Arabica coffee futures trading on ICE settled up a shade Monday, in a sleepy session supported by short-term investors and the weak dollar, traders said."A lot of people are waiting to see when and if the spread will break and move wider, it's still unusually narrow for this time of year," one coffee trader said.
The benchmark ICE July contract settled up 0.20 cent at $1.3345, in a trading range from $1.3285 to $1.347. The market trades until 3:15 pm EDT (1915). By 2:59 pm the July contract was up 0.10 cent at $1.3335. The rest ranged from 0.05 to 1.10 cents higher. Position rolling out of the May contract into the July contract was light ahead of the spot month's first notice day April 22, traders said.
Open interest for the May contract sat at 47,434 contracts as of April 11, with July at 74,940 lots, exchange data showed.

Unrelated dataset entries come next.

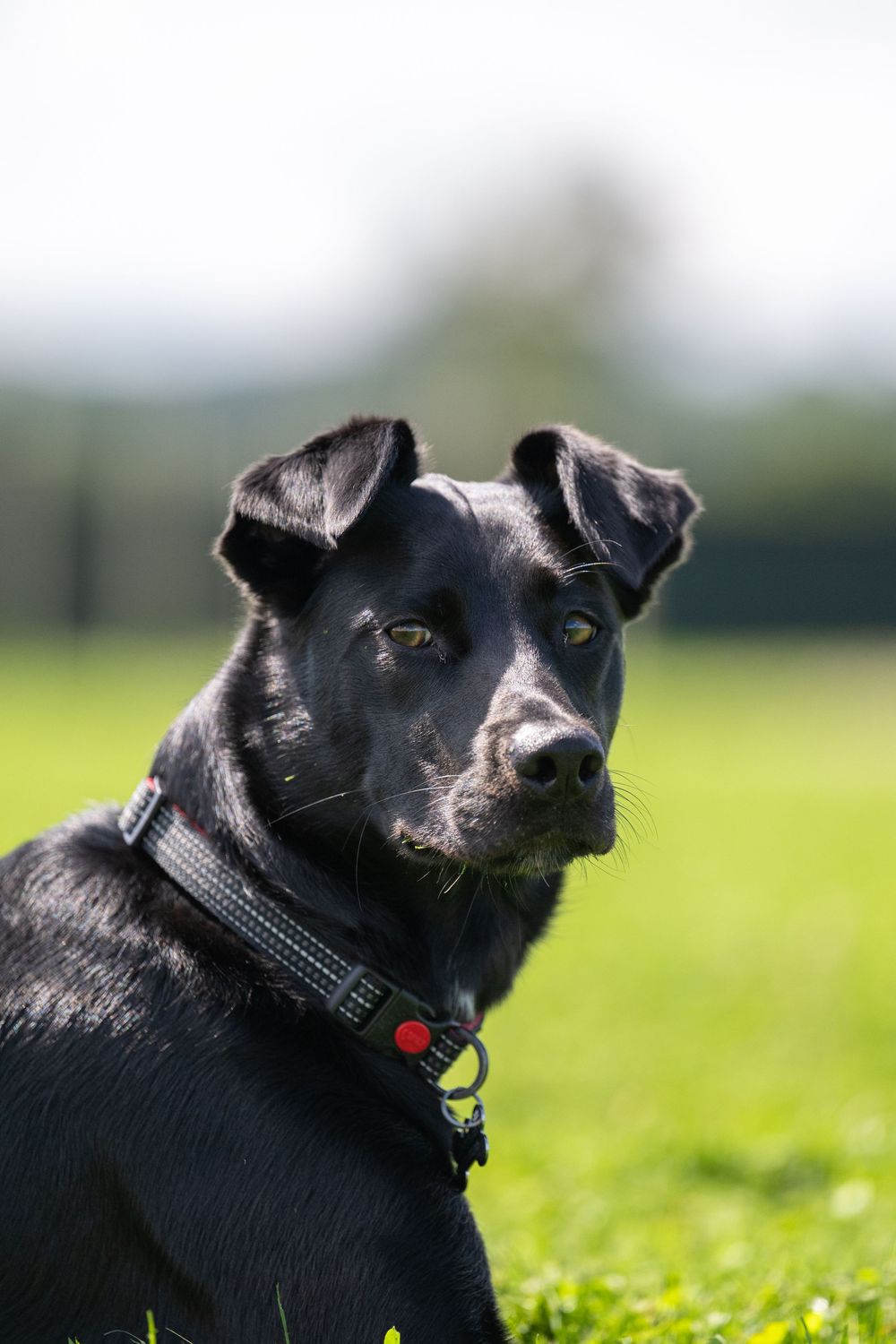 Close up portrait of black dog with collar resting in grassy field.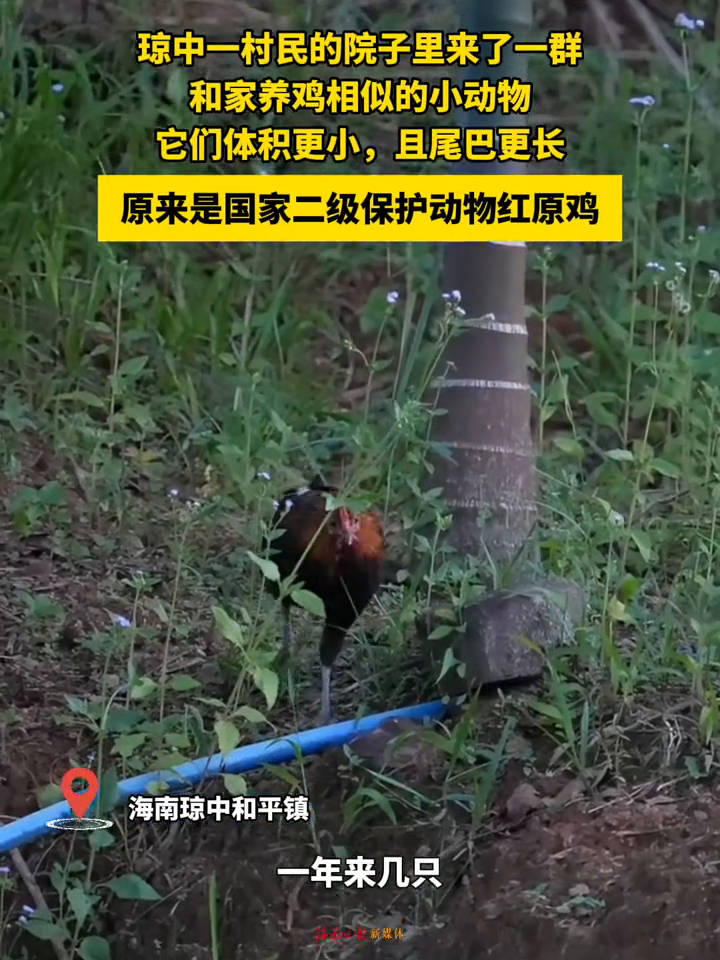 似鸡却非鸡这种国家二级保护动物是______?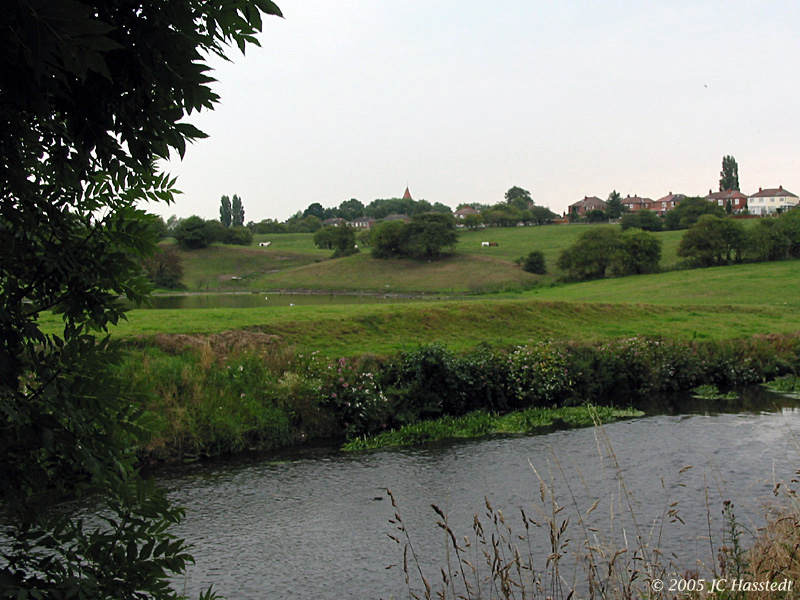 The Meadow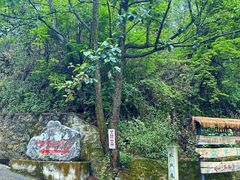-寂照庵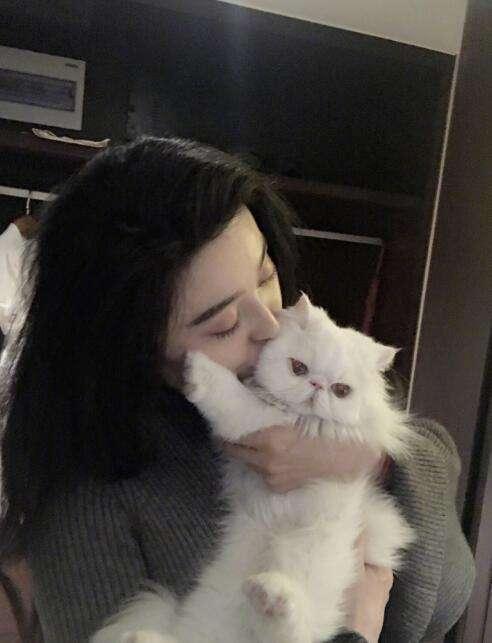 素力高海藻粉对猫咪的作用:怎么从一窝猫咪中挑选出猫王？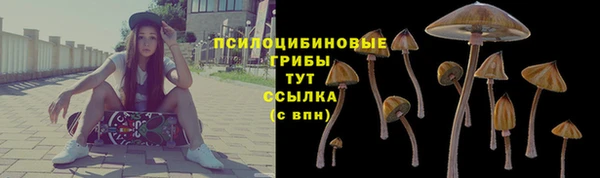 a pvp Абдулино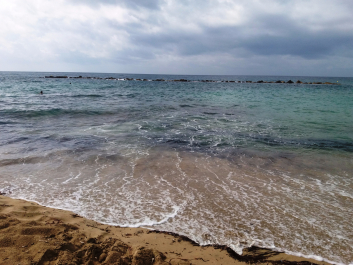 photo 1549449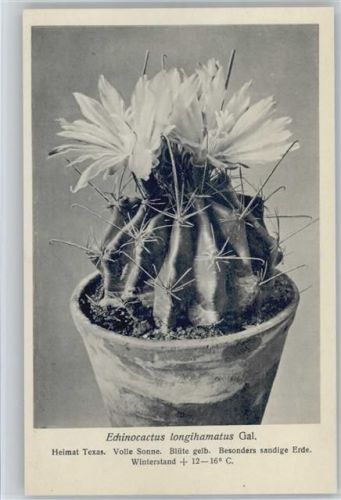 Echinocactus - Nr. 267/XXVII Otto Stoyer Pflanzenkarten Kaktus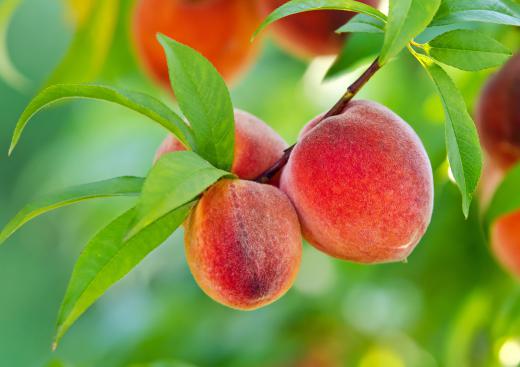 Peach trees require fertilizer that contains phosphorus, potassium, and nitrogen.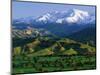 Mountains at Los Padres National Forest-Bruce Burkhardt-Mounted Photographic Print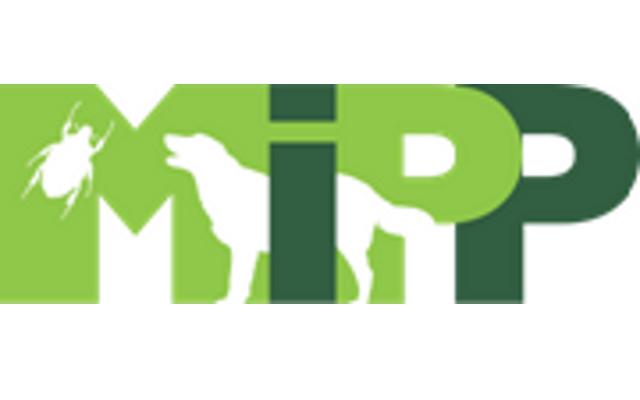 MIPP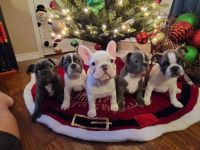 French Bulldog Puppies for sale in Early, TX 76802, USA. price: NA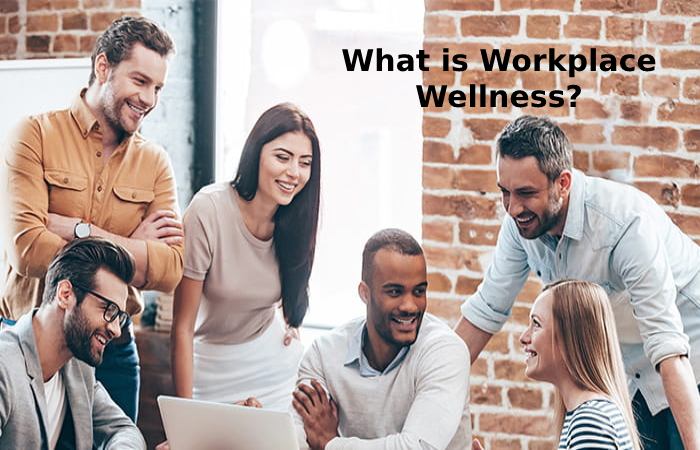 What is Workplace Wellness_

The dollar fell during the trading day, off its earlier gains, after a surprise quarterly loss at the fourth-largest US bank added bearish sentiment to the dollar.
The weaker greenback makes dollar-traded coffee futures more attractive to investors holding other commodities. "The technical aspect of the market is telling us the (coffee) market is in consolidation mode," one trader said about the day's tight trading range.
On the London International Financial Futures Exchange (Liffe), robusta coffee futures trade was mixed on light investor selling while the stronger dollar also weighed on the market. The Liffe July contract closed down $2 at $2,268 a tonne, in dealings from $2,253 to $2,279.
On Friday, 38,083 arabica futures contracts traded on ICE while open interest jumped 5,808 lots at 172,957 lots. In a weekly report released Friday, the US Commodity Futures Trading Commission showed noncommercials held a net long position of 22,358 lots in the week ending April 8, compared to the week-ago figure at 23,511 contracts.